Top of RECORDS FOR THE TASK

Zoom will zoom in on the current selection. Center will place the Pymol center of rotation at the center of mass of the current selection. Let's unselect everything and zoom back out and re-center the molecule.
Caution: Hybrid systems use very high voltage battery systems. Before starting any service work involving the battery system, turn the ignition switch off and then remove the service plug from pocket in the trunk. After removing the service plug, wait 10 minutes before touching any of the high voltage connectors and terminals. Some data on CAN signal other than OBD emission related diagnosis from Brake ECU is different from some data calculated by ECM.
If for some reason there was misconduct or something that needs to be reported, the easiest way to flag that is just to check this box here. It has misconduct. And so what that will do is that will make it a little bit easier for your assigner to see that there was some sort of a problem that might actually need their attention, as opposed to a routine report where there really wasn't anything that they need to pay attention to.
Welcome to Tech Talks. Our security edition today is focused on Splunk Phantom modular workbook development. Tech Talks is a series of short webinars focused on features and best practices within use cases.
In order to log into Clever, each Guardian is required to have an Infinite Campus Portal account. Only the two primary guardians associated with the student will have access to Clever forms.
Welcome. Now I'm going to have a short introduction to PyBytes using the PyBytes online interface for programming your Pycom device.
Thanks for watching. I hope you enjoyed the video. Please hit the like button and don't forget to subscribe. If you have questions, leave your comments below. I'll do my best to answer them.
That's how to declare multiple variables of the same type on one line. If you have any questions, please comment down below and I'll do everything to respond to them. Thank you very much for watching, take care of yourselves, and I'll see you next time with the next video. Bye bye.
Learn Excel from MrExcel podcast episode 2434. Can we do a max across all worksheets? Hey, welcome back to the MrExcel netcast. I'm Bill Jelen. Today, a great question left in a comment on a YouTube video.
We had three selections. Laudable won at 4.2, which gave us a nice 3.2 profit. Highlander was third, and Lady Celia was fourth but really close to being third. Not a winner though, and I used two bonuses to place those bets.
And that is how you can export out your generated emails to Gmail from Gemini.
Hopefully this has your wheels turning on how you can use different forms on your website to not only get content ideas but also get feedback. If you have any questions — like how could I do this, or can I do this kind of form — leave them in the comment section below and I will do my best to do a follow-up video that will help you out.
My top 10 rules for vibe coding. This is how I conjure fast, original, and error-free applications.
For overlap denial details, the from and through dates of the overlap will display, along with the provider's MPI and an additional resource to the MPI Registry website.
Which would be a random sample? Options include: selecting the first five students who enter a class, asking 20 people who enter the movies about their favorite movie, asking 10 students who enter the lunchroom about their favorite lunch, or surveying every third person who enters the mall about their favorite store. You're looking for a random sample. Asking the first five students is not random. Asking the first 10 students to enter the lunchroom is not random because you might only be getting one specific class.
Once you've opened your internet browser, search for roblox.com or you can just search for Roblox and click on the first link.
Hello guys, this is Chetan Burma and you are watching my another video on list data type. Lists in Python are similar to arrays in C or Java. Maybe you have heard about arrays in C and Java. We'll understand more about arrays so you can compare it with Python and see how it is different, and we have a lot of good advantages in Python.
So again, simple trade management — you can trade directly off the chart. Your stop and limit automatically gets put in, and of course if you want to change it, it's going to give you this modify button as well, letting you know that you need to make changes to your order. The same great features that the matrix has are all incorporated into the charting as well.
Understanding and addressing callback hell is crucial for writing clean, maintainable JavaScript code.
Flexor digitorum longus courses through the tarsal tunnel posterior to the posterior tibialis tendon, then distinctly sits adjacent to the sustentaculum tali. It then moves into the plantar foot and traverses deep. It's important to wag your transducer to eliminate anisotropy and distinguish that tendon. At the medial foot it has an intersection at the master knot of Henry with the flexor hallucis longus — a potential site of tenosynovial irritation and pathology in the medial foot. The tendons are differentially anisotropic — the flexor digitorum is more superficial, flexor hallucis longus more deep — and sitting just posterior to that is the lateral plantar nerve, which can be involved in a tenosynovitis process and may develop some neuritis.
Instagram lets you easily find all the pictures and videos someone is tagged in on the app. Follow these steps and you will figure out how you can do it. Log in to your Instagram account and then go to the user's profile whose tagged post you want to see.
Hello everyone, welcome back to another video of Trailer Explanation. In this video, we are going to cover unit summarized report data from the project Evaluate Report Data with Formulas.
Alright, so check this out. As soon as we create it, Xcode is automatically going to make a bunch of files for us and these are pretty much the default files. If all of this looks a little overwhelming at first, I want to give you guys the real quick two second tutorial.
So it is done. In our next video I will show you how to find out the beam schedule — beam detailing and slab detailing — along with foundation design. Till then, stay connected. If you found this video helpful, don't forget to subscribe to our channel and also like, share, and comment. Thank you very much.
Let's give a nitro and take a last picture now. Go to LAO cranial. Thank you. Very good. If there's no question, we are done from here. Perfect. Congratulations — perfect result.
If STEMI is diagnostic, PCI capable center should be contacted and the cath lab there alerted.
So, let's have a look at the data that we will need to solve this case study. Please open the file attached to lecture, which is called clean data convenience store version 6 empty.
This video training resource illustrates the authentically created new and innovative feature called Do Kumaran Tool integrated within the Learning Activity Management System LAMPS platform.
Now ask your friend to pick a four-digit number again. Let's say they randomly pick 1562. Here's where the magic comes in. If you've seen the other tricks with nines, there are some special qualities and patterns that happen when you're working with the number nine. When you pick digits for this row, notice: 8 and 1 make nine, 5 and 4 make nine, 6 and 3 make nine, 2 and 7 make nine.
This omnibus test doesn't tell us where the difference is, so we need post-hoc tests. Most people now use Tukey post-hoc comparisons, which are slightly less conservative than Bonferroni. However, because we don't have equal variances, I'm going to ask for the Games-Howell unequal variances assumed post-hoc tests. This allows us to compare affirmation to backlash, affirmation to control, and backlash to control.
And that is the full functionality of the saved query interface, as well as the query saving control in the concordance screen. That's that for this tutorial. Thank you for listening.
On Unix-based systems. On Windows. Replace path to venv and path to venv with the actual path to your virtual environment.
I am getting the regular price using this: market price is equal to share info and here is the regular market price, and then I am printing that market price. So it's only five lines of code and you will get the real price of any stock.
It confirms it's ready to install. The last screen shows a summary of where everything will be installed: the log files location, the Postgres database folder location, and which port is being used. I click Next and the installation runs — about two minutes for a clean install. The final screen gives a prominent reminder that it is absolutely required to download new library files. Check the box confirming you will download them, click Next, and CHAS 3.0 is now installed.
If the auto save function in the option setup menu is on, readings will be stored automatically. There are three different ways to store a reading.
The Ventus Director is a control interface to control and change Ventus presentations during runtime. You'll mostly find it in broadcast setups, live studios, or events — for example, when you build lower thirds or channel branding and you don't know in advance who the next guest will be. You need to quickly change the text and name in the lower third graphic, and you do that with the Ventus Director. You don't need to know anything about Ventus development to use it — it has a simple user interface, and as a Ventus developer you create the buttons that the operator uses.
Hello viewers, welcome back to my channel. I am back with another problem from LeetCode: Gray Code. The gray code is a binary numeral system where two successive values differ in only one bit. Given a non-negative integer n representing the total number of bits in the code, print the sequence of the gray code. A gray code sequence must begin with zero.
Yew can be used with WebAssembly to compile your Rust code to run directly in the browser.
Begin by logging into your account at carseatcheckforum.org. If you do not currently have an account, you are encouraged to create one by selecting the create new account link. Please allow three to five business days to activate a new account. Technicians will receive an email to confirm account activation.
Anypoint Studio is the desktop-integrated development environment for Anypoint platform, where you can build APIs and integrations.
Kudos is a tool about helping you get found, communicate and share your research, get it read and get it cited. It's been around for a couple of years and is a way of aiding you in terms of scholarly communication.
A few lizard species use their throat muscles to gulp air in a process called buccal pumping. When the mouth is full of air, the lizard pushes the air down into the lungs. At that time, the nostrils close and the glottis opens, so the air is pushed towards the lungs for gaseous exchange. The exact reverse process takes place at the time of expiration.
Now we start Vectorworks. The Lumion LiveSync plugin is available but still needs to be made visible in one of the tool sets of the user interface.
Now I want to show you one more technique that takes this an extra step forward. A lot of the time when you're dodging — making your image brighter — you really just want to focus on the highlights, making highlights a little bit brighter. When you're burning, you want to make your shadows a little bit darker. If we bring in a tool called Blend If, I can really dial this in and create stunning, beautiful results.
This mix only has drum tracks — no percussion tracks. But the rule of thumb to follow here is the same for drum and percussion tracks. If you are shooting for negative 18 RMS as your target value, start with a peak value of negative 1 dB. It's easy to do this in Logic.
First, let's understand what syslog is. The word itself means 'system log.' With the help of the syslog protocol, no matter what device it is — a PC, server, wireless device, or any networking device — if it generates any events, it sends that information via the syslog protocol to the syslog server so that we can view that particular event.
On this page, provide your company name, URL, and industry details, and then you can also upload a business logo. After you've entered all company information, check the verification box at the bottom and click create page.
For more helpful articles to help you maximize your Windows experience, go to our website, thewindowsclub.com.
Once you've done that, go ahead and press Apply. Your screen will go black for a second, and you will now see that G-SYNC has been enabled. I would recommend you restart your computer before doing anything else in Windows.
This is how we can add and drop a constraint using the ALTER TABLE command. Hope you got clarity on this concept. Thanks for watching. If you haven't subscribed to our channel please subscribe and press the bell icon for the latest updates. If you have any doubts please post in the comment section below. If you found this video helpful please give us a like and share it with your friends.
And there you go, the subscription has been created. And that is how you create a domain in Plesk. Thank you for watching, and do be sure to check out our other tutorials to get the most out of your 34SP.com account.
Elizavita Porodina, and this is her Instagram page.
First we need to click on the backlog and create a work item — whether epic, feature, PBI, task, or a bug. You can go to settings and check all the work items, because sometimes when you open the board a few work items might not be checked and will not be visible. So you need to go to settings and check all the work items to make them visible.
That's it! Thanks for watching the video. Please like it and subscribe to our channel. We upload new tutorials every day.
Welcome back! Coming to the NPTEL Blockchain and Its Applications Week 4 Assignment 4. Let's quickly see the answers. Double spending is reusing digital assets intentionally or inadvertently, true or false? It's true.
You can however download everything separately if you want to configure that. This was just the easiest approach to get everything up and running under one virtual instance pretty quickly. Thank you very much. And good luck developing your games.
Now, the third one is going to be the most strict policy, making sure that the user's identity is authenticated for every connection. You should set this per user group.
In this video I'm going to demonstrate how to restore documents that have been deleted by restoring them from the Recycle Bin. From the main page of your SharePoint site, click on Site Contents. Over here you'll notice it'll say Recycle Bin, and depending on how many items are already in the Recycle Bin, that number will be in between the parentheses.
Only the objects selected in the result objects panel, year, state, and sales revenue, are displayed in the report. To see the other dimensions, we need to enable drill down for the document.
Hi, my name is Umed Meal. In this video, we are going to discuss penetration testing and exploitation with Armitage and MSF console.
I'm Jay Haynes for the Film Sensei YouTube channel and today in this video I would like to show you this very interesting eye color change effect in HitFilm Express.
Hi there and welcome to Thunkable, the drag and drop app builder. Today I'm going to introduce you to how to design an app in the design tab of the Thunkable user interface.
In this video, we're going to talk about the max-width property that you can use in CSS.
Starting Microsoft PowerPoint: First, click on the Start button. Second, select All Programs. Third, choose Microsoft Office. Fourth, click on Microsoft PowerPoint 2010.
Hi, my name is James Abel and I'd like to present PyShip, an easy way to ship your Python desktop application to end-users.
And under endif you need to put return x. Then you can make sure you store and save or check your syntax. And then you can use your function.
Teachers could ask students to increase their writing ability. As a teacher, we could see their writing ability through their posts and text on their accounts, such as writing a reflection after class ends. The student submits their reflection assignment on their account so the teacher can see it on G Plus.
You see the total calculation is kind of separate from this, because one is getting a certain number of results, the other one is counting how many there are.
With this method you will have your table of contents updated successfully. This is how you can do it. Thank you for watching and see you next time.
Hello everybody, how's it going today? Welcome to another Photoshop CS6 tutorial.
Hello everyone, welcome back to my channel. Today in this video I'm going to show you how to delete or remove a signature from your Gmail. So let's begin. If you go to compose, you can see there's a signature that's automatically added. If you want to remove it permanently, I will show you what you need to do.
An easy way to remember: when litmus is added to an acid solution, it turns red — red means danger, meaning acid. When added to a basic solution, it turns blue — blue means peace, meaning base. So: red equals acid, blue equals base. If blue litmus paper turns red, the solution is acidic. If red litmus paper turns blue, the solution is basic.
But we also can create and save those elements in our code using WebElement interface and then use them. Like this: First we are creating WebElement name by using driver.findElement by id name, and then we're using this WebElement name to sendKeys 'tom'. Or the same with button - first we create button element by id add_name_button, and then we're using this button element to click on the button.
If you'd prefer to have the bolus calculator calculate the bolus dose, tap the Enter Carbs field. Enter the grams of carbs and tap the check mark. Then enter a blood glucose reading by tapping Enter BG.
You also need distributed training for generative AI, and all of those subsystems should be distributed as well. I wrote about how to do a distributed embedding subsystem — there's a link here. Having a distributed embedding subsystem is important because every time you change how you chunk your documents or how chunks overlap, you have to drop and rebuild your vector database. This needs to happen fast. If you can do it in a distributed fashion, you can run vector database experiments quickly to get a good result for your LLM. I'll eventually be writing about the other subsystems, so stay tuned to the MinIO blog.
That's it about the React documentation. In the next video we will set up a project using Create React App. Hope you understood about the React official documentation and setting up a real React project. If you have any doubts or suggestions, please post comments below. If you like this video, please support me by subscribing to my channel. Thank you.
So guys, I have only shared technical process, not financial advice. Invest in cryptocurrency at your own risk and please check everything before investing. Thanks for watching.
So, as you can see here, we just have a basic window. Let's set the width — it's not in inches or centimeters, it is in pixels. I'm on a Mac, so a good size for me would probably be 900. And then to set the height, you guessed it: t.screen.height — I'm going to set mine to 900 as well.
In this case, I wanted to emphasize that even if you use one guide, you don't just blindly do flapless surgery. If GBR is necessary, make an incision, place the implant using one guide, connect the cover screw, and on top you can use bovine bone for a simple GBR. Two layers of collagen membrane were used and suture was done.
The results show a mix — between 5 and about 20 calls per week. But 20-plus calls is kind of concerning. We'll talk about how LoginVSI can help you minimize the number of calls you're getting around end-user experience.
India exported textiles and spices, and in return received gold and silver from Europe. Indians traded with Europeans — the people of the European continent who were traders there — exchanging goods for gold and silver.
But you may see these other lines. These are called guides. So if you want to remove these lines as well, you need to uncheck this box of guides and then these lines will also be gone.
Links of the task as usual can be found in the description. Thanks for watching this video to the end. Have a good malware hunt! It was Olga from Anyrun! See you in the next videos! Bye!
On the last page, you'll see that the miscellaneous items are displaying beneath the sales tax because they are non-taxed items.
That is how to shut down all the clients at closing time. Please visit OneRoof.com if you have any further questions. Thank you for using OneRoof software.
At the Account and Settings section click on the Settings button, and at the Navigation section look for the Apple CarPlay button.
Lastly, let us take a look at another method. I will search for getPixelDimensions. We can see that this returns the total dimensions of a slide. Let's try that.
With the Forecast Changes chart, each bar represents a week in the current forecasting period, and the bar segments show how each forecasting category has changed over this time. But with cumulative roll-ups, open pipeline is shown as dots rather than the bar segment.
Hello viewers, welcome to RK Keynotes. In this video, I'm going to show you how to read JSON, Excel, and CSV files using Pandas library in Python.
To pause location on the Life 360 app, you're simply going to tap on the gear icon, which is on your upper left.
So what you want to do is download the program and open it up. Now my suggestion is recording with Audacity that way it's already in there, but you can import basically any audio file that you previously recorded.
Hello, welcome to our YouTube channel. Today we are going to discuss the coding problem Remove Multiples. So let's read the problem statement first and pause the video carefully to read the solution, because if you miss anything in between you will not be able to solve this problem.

Bottom of RECORDS FOR THE TASK

> **WORK INSTRUCTION**
In the data above, find the line that contains "Flexor digitorum longus" and the line that contains "Let's give a". Repeat exactly those lines and every line between them, and only those.

> **RESPONSE TO THE EXERCISE**
Flexor digitorum longus courses through the tarsal tunnel posterior to the posterior tibialis tendon, then distinctly sits adjacent to the sustentaculum tali. It then moves into the plantar foot and traverses deep. It's important to wag your transducer to eliminate anisotropy and distinguish that tendon. At the medial foot it has an intersection at the master knot of Henry with the flexor hallucis longus — a potential site of tenosynovial irritation and pathology in the medial foot. The tendons are differentially anisotropic — the flexor digitorum is more superficial, flexor hallucis longus more deep — and sitting just posterior to that is the lateral plantar nerve, which can be involved in a tenosynovitis process and may develop some neuritis.
Instagram lets you easily find all the pictures and videos someone is tagged in on the app. Follow these steps and you will figure out how you can do it. Log in to your Instagram account and then go to the user's profile whose tagged post you want to see.
Hello everyone, welcome back to another video of Trailer Explanation. In this video, we are going to cover unit summarized report data from the project Evaluate Report Data with Formulas.
Alright, so check this out. As soon as we create it, Xcode is automatically going to make a bunch of files for us and these are pretty much the default files. If all of this looks a little overwhelming at first, I want to give you guys the real quick two second tutorial.
So it is done. In our next video I will show you how to find out the beam schedule — beam detailing and slab detailing — along with foundation design. Till then, stay connected. If you found this video helpful, don't forget to subscribe to our channel and also like, share, and comment. Thank you very much.
Let's give a nitro and take a last picture now. Go to LAO cranial. Thank you. Very good. If there's no question, we are done from here. Perfect. Congratulations — perfect result.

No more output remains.